Há essas duas, há uma que podia ser uma espécie de um V mais aberto, mas decidi que são gaivotas, há uma de padrão quase oriental, embora de tons discretos, beije e branco, que são nuvens e aquela espécie de sinal que se desenha quando se quer representar o vento.
E há a de hoje, uma camisa branca, salpicada de colibris coloridos, fixei a camisa, descobri que com os colibris, convivem sobre o tecidos araras azuis, espantosamente do mesmo tamanho.
Ele continuou a ver o mundo pelo vidro, com os phones e um murmúrio de acompanhar a música, eu fiquei fascinada com colibris e araras num padrão invulgar, fui apanhada, devo ter corado como uma criança que faz asneira, o homem olhou a camisa, talvez a pensar que tivesse um nódoa, um botão aberto, lançou-me um olhar de espanto, mas o Gabriel, gritou “piu-pius…piu-pius”, eu sorri e acho que o homem percebeu que o meu fascínio é igual ao do Gabriel que tem vindo devagar a dizer palavras e que já tira a chucha para dizer “Olá”.
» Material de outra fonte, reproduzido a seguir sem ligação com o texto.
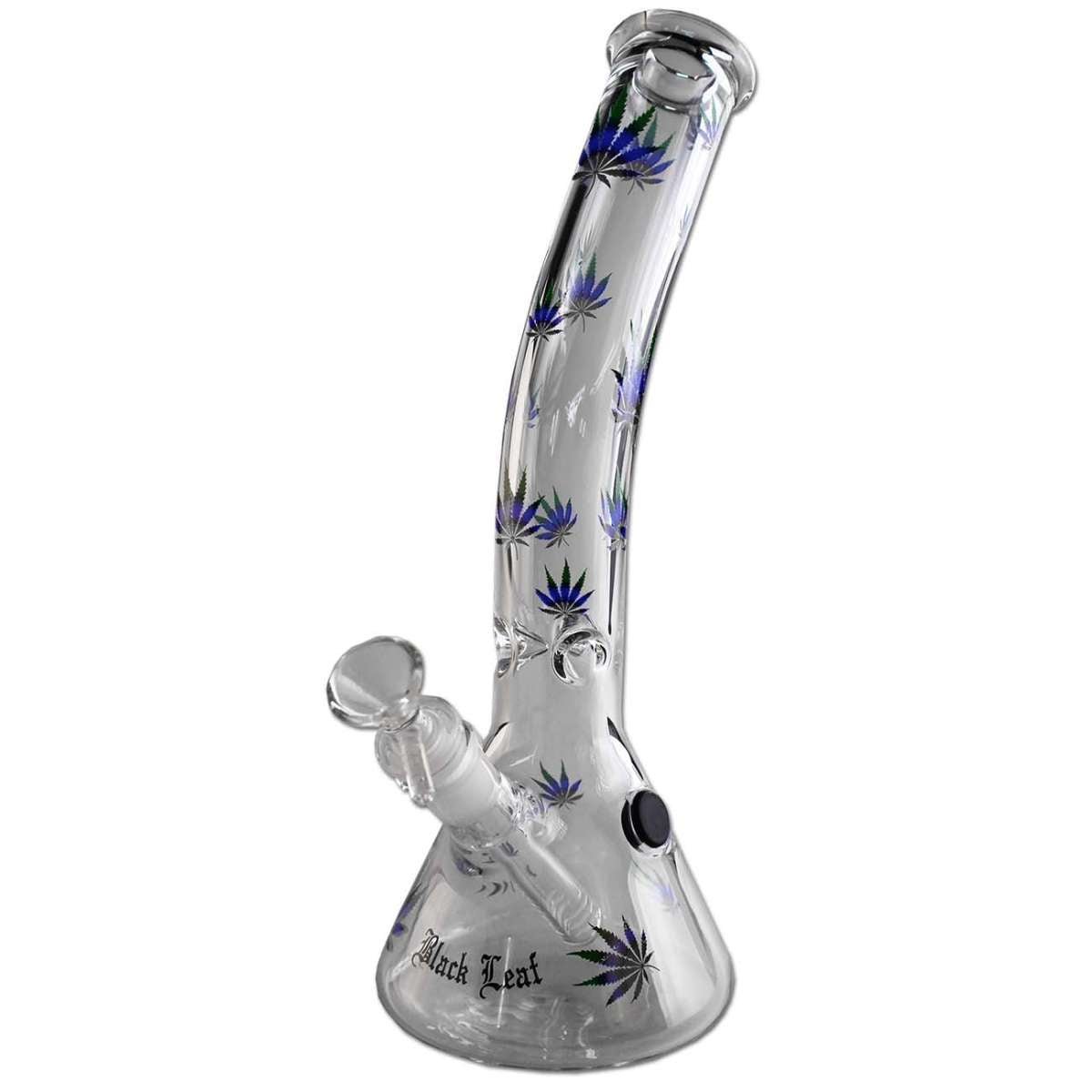 Black Leaf Leaves Beaker Bong Bent 30cm lasibongi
Não sei se é empregado de escritório, professor, contabilista, sei que arruma canções como eu arrumo palavras, hoje também deu para ouvir o que ouvia, reconheci a voz de um dos “homens da minha vida” (Peter Gabriel nunca saberá desta paixoneta), e foi um instante até reconhecer Génesis, versão muito antiga “A Place to call my own”, “Um lugar que chame meu”.
O homem que voa saiu, com colibris e araras, embalado na música, primeiro disse “Então boa tarde!” eu respondi “Boa tarde” e ele saiu a voar num adejar de asas ao vento, para um sítio que chame seu.